Byron Rogers moved to Blakesley, in Northamptonshire, long before fleeing the city for the country became everyone’s dream. Over the years, his “Village Voice” column in London’s Daily Telegraph observed his village’s gradual evolution from a place where people lived from cradle to grave, into a dormitory haven for car-borne commuters. Now, in The Green Lane to Nowhere, his touching, frequently hilarious chronicle can be enjoyed by a wider audience. Here is the Methodist chapel that became an auto showroom, the summer gala where the author bought his neighbor’s shirts, his elevation to heady civic responsibility as Warden of the Paths, and the pathos of the village’s oldest resident finally having to quit her ancestral home. It is an enchanting book that will appeal to anyone who has ever dreamed of leaving the metropolis behind. Byron Rogers is the author of An Audience with an Elephant.
Byron Rogers is a Welsh journalist, essayist and biographer. In August, 2007 the University of Edinburgh awarded him the James Tait Black Memorial Prize for the best biography published in the previous year, for The Man Who Went Into the West: The Life of RS Thomas. The Archbishop of Canterbury, Rowan Williams, said of the book: "Byron Rogers's lively and affectionate biography is unexpectedly, even riotously, funny."

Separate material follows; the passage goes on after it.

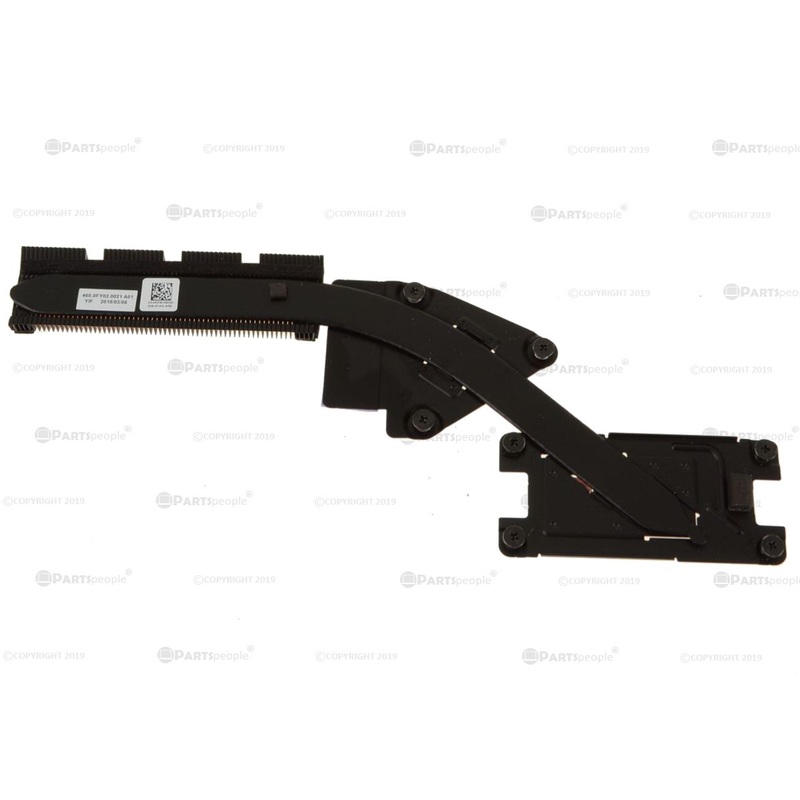 Used Dell OEM Latitude 3500 CPU Heatsink Assembly for Discrete Nvidia Graphics 43F46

Born and raised in Carmarthen, he now lives in Northamptonshire. He has written for Sunday Telegraph and The Guardian, and was once speech writer for the Prince of Wales. It has been written of his essays that he is "a historian of the quirky and forgotten, of people and places other journalists don't even know exist or ignore if they do".
A bittersweet selection of articles written by Rogers about his home village in Northamptonshire. I enjoyed his style of writing - just on the right side of curmudgeonly, honest and with a wry humour. He doesn't glamorise the rural life and often mourns the past - even though he knows that in many ways the old style of doing things was not good, unless you were the Squire of course. However, despite the articles only being written in the 1980s and 1990s the book felt incredibly dated. I guess he is writing before the internet really started to affect people's lives, working or otherwise. An example is that Rogers bemoans the fact that he is practically the only working man in the village during the week as all the other men have left for the nearest towns in their 'executive cars'. Nowadays no doubt many would be working from home. You could easily end up feeling a bit nostalgic for both the past that Rogers talks about AND the village he describes in the 80s and 90s as both have gone!